IMF Forecast for India’s GDP

Context:

Recently, the International Monetary Fund (IMF) raised India’s GDP growth forecast for FY26 to 7.3 per cent, an upward revision of 0.7 percentage points from its October 2025 projection. For FY27, growth is projected at 6.4 per cent, reflecting sustained—though moderating—economic momentum. These estimates were released in the IMF’s World Economic Outlook (WEO) Update, January 2026.

Key Highlights of the IMF’s Revised Forecast:

Stronger-than-Expected Growth in FY26

        • Robust third-quarter performance and sustained momentum into Q4 FY26 underpinned the upward revision.
        • India’s National Statistical Office (NSO) reported GDP growth of around 8 per cent in the first half of FY26.

Outlook for FY27 and FY28

        • Growth is projected at 6.4 per cent for both FY27 and FY28.
        • This moderation reflects the fading of cyclical and temporary growth drivers, signalling a transition from high growth to a more sustainable medium-term trajectory.

IMF Forecast for India’s GDP

Why India’s Growth Outlook Improved?

        • Domestic Demand and Consumption: A large domestic market and resilient services demand continue to support economic stability.
        • Investment and Industrial Activity: Renewed investor confidence, rising industrial output, and sustained infrastructure investment underpin growth.
        • Strong Q3 and Q4 Momentum: Positive performance in the latter half of FY25 has strengthened short-term growth prospects.

Comparative Global Growth Context:

        • Global growth is projected at 3.3 per cent in 2026, moderating slightly to 3.2 per cent in 2027.
        • India is expected to remain among the fastest-growing major economies, outperforming peers such as the United States and China.

Policy and Structural Implications:

        •  India as a Global Growth Engine: The upward revision reinforces India’s growing importance in the global economy and strengthens investor confidence.
        • Inflation and Monetary Policy: Inflation is expected to converge towards the Reserve Bank of India (RBI) target range of 4 ± 2 per cent, providing greater monetary policy flexibility.
        •  Structural Reforms and Sustainability: Continued reforms in labour markets, infrastructure, the digital economy, and the ease of doing business are essential to sustaining long-term growth.

Challenges and Risks Ahead:

        • Geopolitical tensions and global trade uncertainties could adversely affect exports and investment flows.
        • Slower growth in advanced economies may dampen external demand.
        • Inflationary pressures could re-emerge due to volatility in global commodity prices.

About the IMF:

The International Monetary Fund, headquartered in Washington, D.C., is a multilateral financial institution with 191 member countries.
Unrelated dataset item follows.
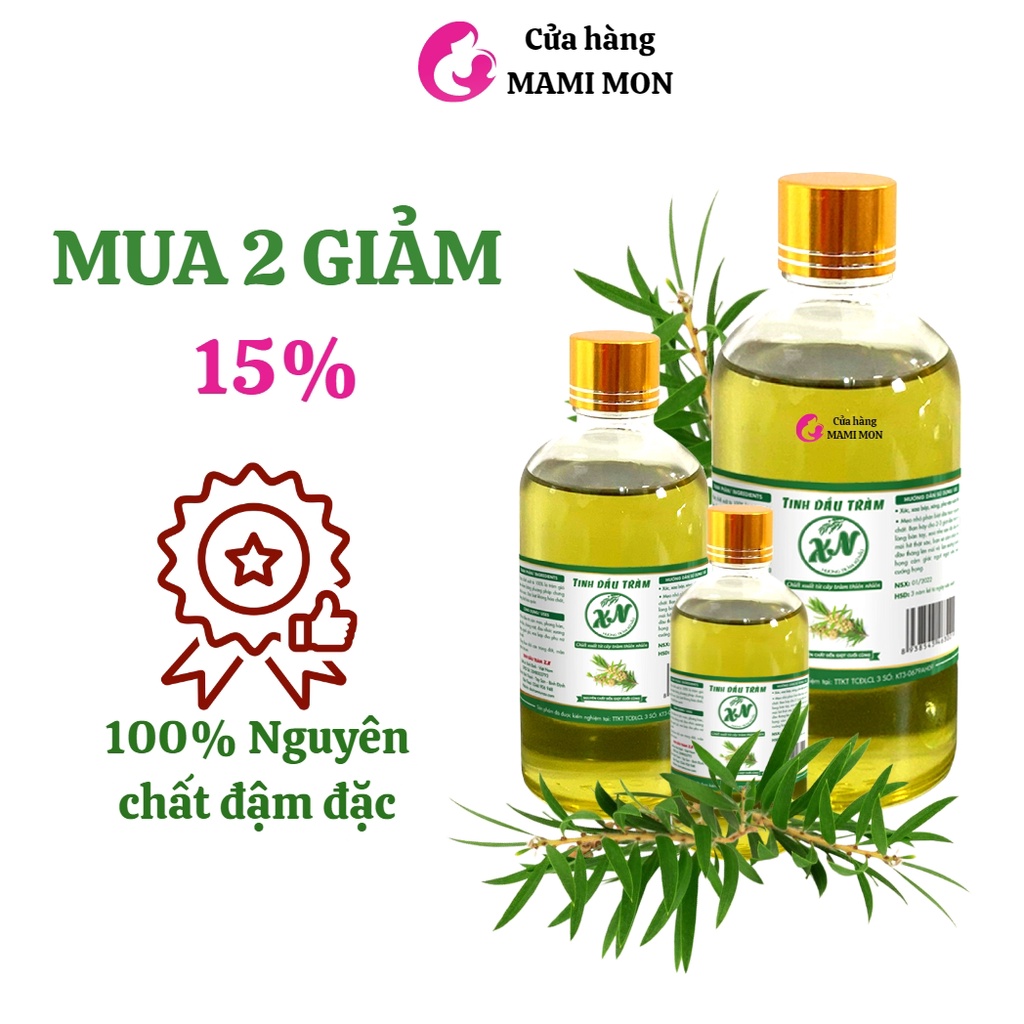 Tinh dầu tràm gió nguyên chất cho bé Shop Mami Mon– Tinh dầu tràm Xứ Nẫu Huế Shop Mami Mon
Established in 1944, it promotes global monetary cooperation, financial stability, international trade, and sustainable economic growth. The IMF provides policy advice, technical assistance, financial support, and conducts economic surveillance, functioning as a global economic watchdog and lender of last resort.

Conclusion:

The IMF’s upward revision of India’s FY26 growth forecast to 7.3 per cent reflects strong macroeconomic fundamentals, resilient domestic demand, and favourable short-term momentum. Although growth is expected to moderate in FY27–28, stable inflation and sustained structural reforms can support durable expansion, presenting both opportunities and challenges for inclusive and long-term development.